Abstract In ammonia-based solar thermochemical energy storage systems (TCES), solar energy is stored via endothermic ammonia dissociation reaction and released when the ammonia synthesis reaction is utilized to heat the working fluid for a power block. It has been shown that a working fluid i.e., supercritical steam, can be heated in an ammonia synthesis reactor to 650 °C. In this paper, steam and supercritical carbon dioxide (sCO 2 ) are proposed to be heated to a higher temperature, i.e., 800 °C, utilizing the ammonia synthesis in the context of ammonia-based TCES. Steam at 800 °C has the potential to be used for high-temperature electrolysis with a relatively high electrical-to-hydrogen efficiency.
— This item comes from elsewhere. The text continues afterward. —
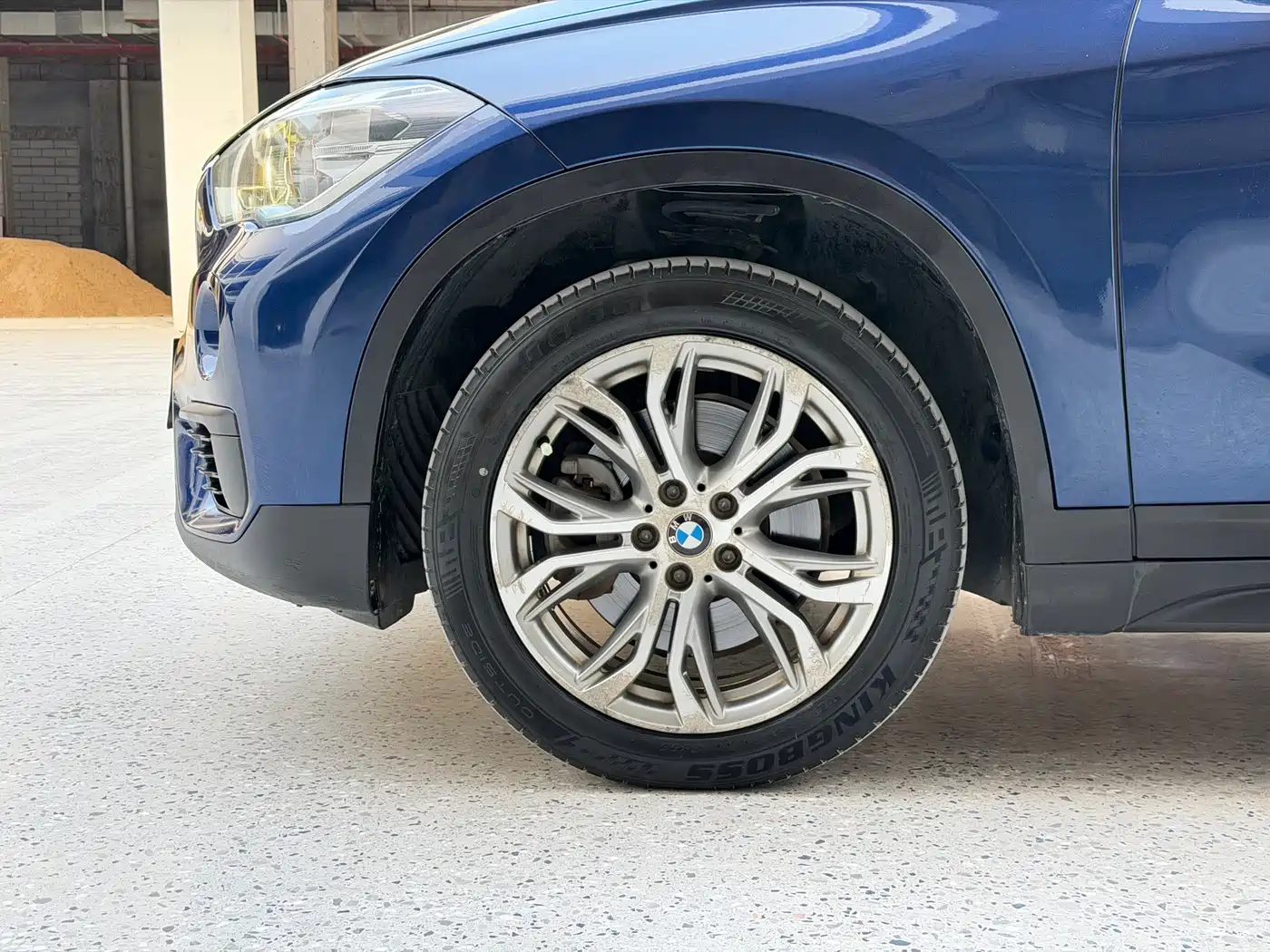 BMW X1 2019 sDrive20Li Leading Model фото 16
Supercritical carbon dioxide (sCO 2 ) at 800 °C can be used for a high temperature Brayton cycle, which has the potential to achieve a more compact power cycle with higher efficiency than steam Rankine cycle. Two different synthesis systems, i.e., System I and System II, are designed in this paper for achieving heating the working fluid i.e., steam or sCO 2 . System I consists of a heat recovery reactor to heat the working fluid with ammonia synthesis, a preconditioning system and an autothermal synthesis reactor to preheat the synthesis gas. System II is similar to System I except the heat recovery reactor is replaced by a heat exchanger, which eliminates the need for another catalyst-filled reactor. A two-dimensional pseudo-homogeneous model is developed to simulate heating of the working fluid in reactors of the systems. Another two-dimensional model is developed to simulate the heat transfer process in heat exchangers. The results demonstrated the feasibility of heating steam or sCO 2 to 800 °C in the two systems. But the autothermal synthesis reactors for preheating the synthesis gas are required to be relatively large for both systems. The autothermal synthesis reactor in System II is required to be even larger than that in System I since the synthesis gas without reaction in a heat exchanger need be preheated to a higher temperature. The result shows both the required catalyst volume and reactor wall volume of System I are lower than System II. This study provides a baseline for further design refinement and economic analysis.